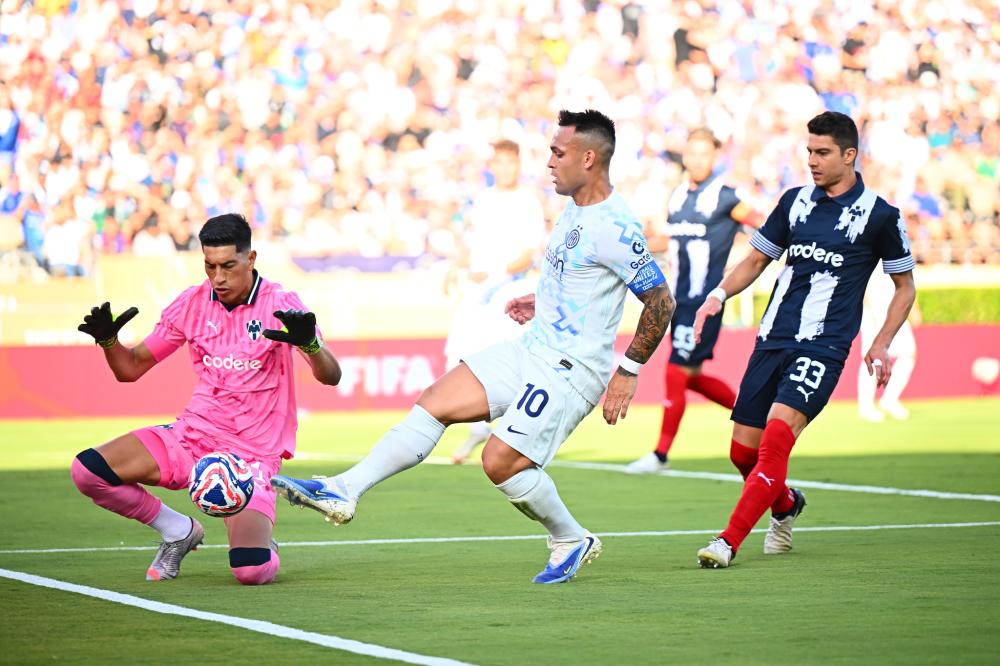 半场战报：法兰克福0-0沃尔夫斯堡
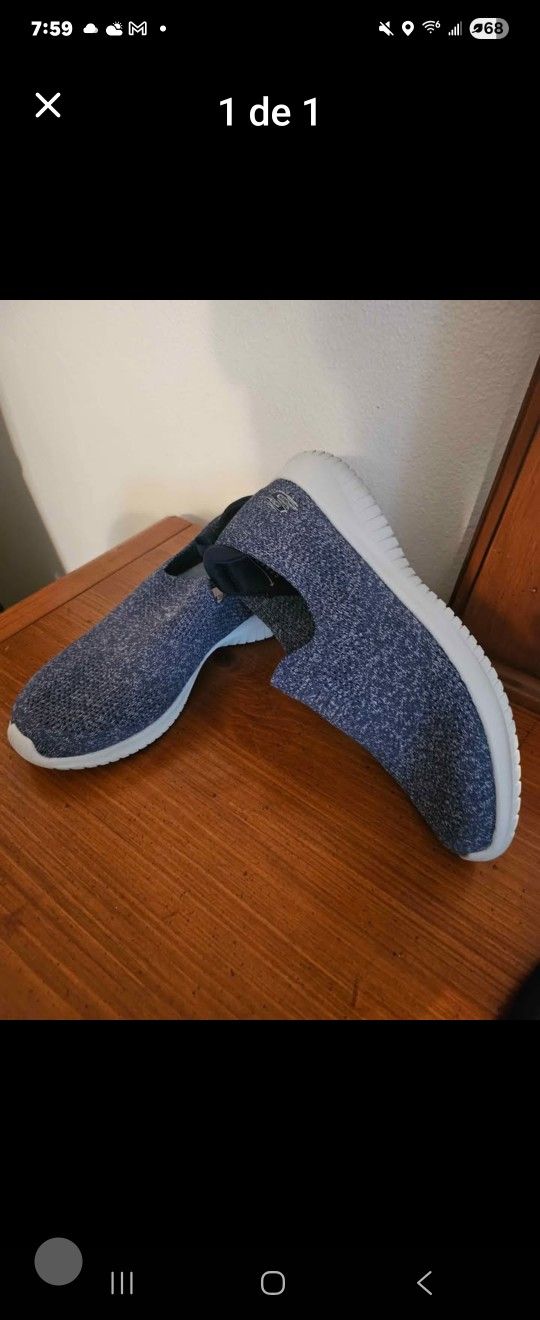 Woman Skechers Side # 8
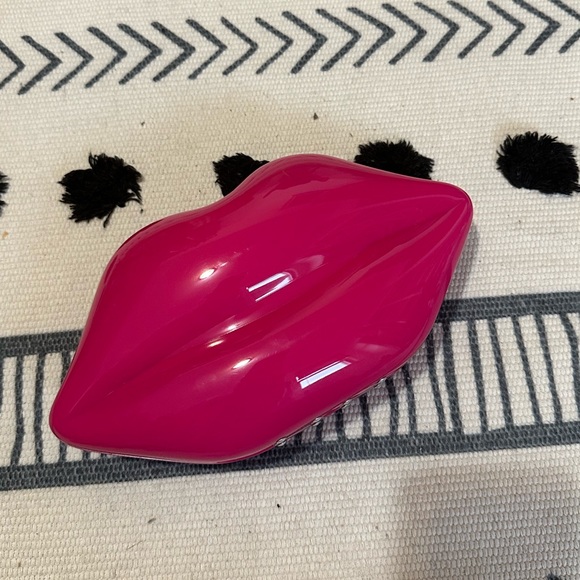 👄 Lulu Guinness Fucsia Pink Lips Novelty Fun Trendy Clutch Purse Handbag Bag - Picture 3 of 13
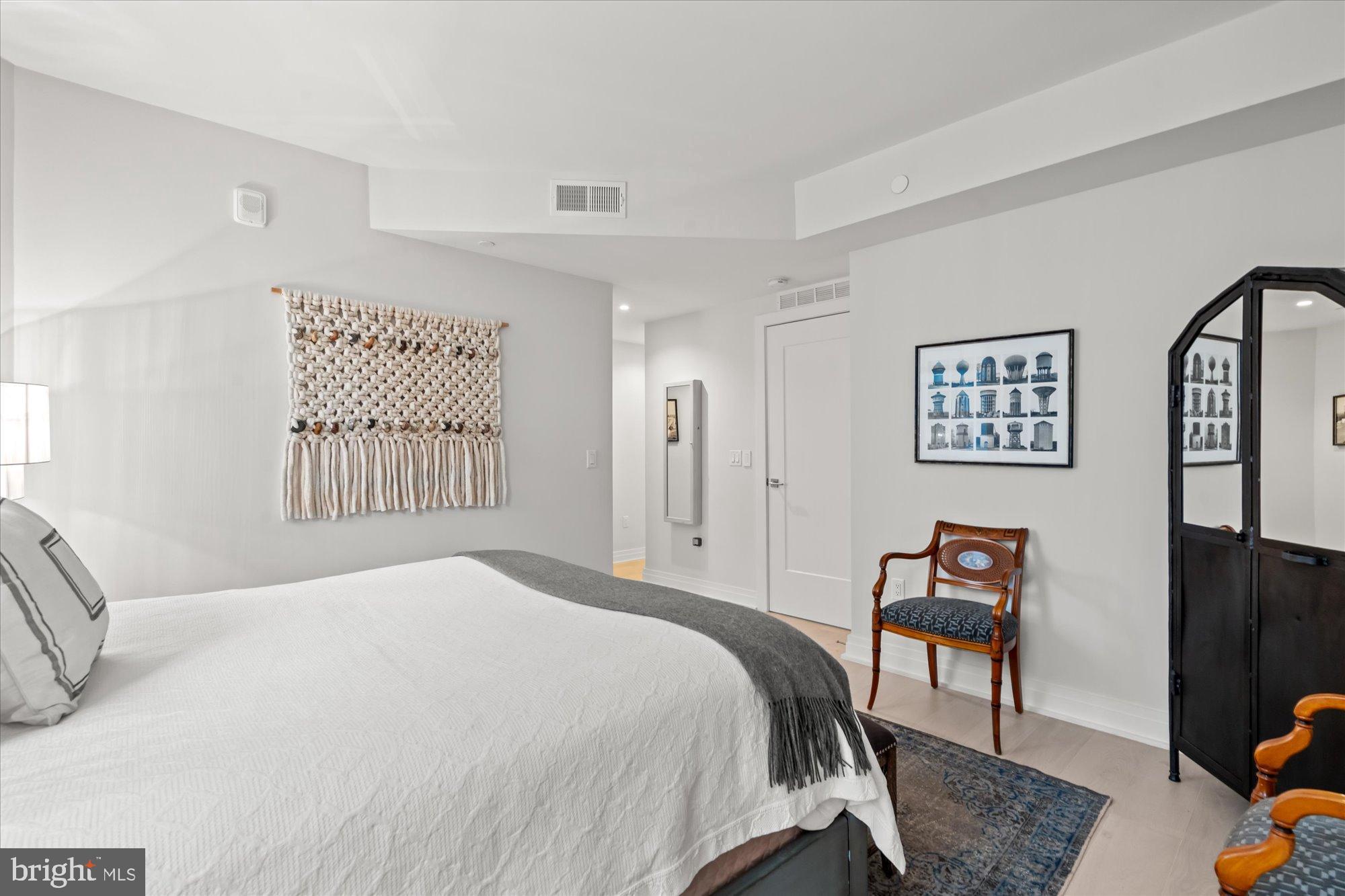 OLD TOWN NORTH - Residential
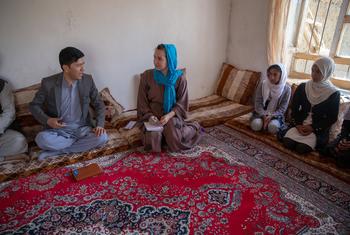 انتقلت فيرونيكا هاوسر، من الولايات المتحدة إلى العمل مع بعثة منظمة اليونيسف في أفغانستان، بعد شهرين فقط من سيطرة طالبان على العاصمة كابول في آب/أغسطس الماضي. 
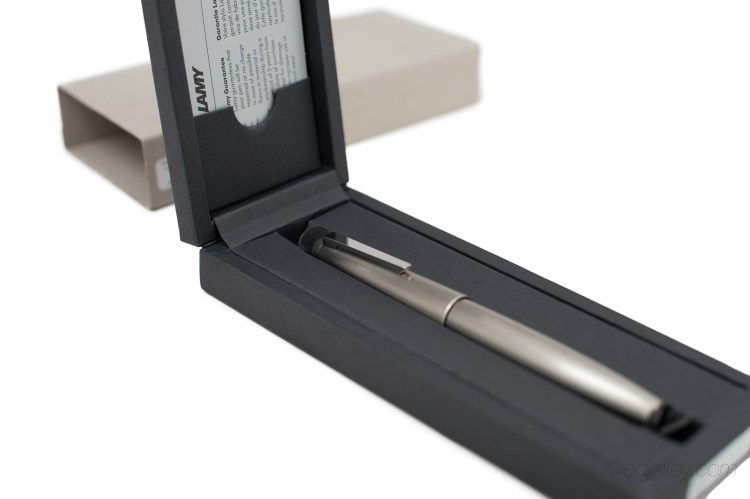 Lamy 2000 Fountain Pen Stainless Steel Review-7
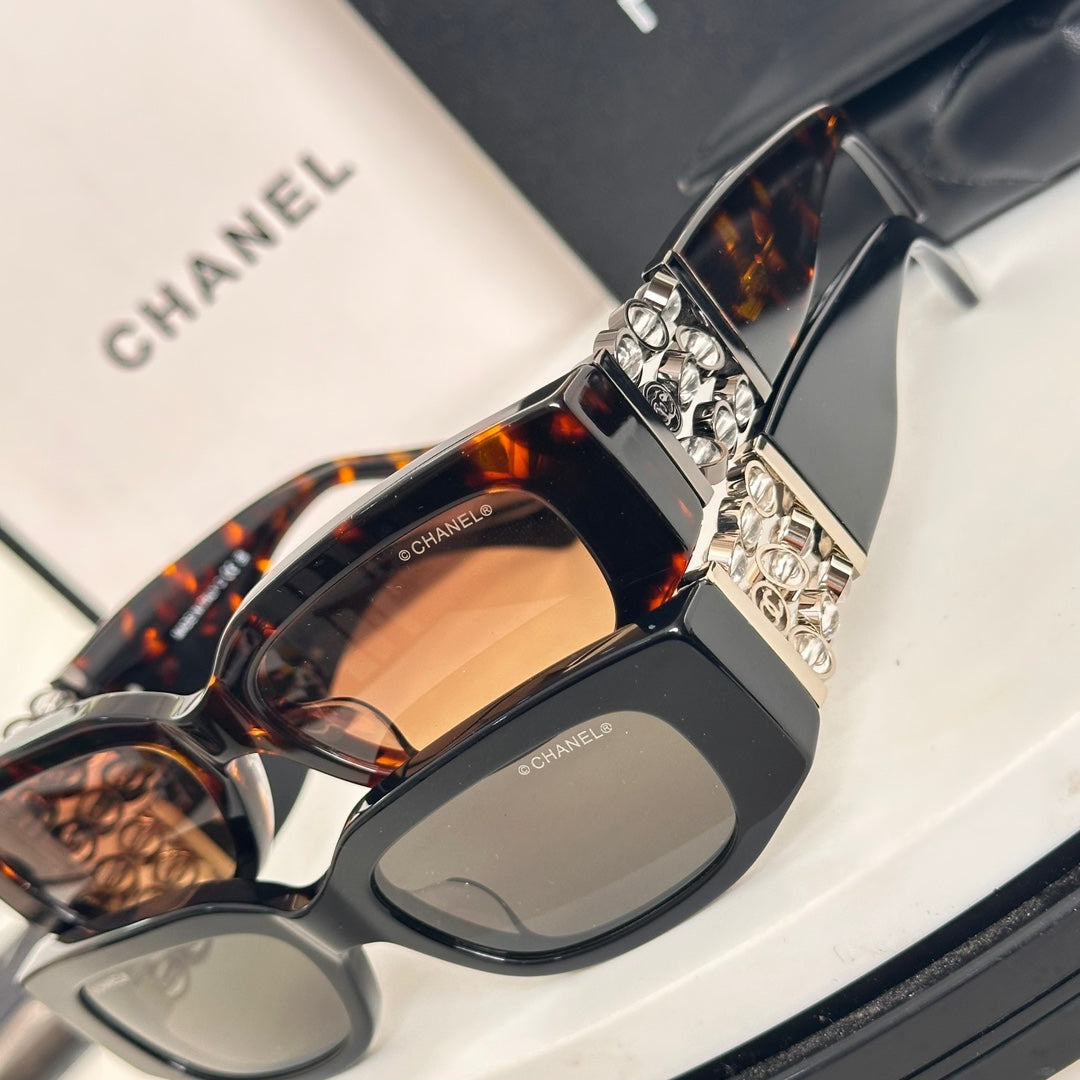 LuxluxHouse Best Quality Glasses Chanel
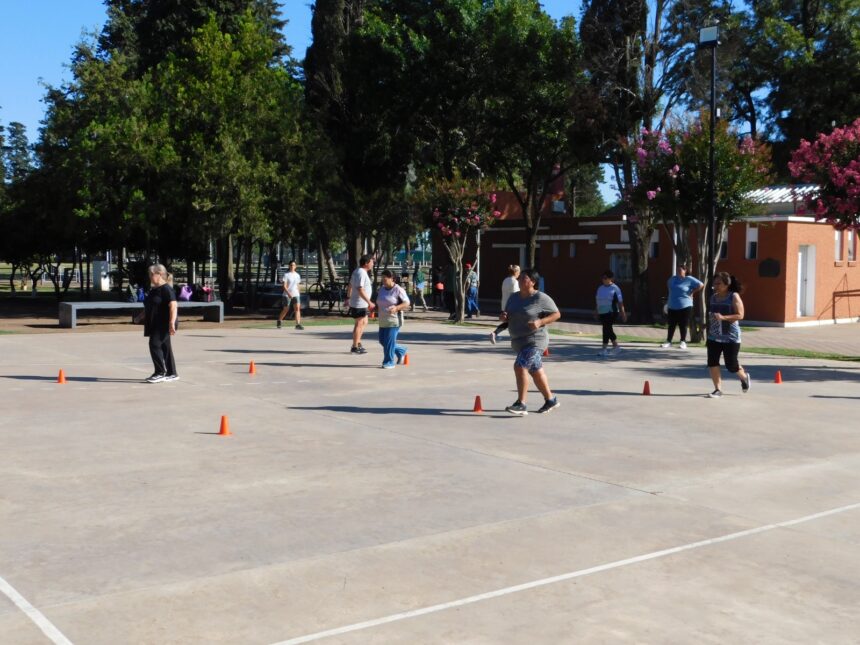 Continúan las actividades gratuitas de verano para adultos y adultos mayores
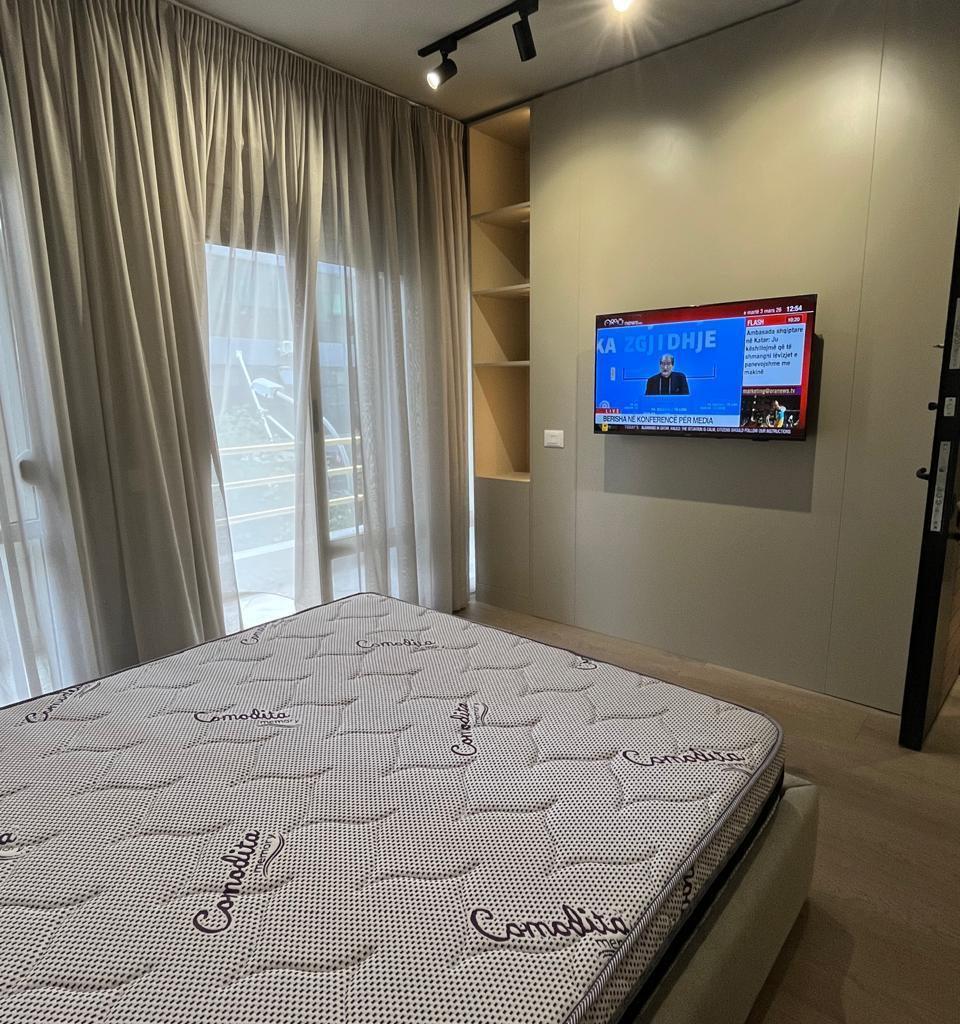 SHITEN 3 STUDIO PER AIRBNB, STACIONI I TRENIT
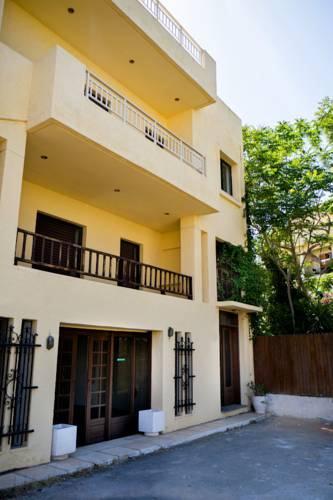 Sunshine Studios & Apartments (Adults Only)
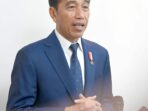 "Jokowi mengangkat 2 Menteri hari ini, Hadi Tjahjanto menjadi Menteri Koordinator Politik, Hukum, dan Keamanan-AHY sebagai Menteri Agraria dan Tata Ruang."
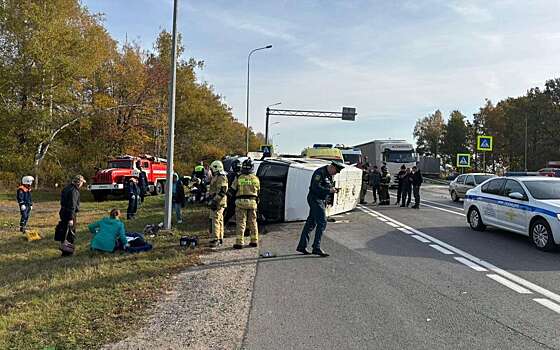 В Чувашии 13 пассажиров маршрутки пострадали в аварии с самосвалом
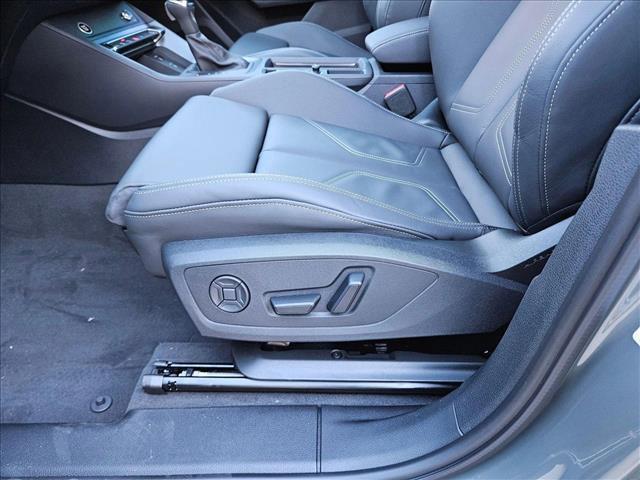 new 2025 Audi Q3 car, priced at $44,027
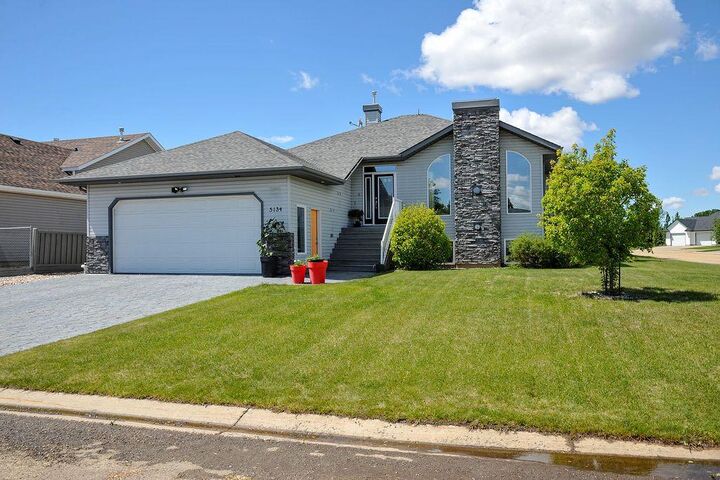 Property Photo: 5134 53 Street AB T0B 1A0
===
**TO DO:** Copy the material above exactly and drop the pictures.

**RESPONSE:**
 半场战报：法兰克福0-0沃尔夫斯堡
 Woman Skechers Side # 8
 👄 Lulu Guinness Fucsia Pink Lips Novelty Fun Trendy Clutch Purse Handbag Bag - Picture 3 of 13
 OLD TOWN NORTH - Residential
 انتقلت فيرونيكا هاوسر، من الولايات المتحدة إلى العمل مع بعثة منظمة اليونيسف في أفغانستان، بعد شهرين فقط من سيطرة طالبان على العاصمة كابول في آب/أغسطس الماضي. 
 Lamy 2000 Fountain Pen Stainless Steel Review-7
 LuxluxHouse Best Quality Glasses Chanel
 Continúan las actividades gratuitas de verano para adultos y adultos mayores
 SHITEN 3 STUDIO PER AIRBNB, STACIONI I TRENIT
 Sunshine Studios & Apartments (Adults Only)
 "Jokowi mengangkat 2 Menteri hari ini, Hadi Tjahjanto menjadi Menteri Koordinator Politik, Hukum, dan Keamanan-AHY sebagai Menteri Agraria dan Tata Ruang."
 В Чувашии 13 пассажиров маршрутки пострадали в аварии с самосвалом
 new 2025 Audi Q3 car, priced at $44,027
 Property Photo: 5134 53 Street AB T0B 1A0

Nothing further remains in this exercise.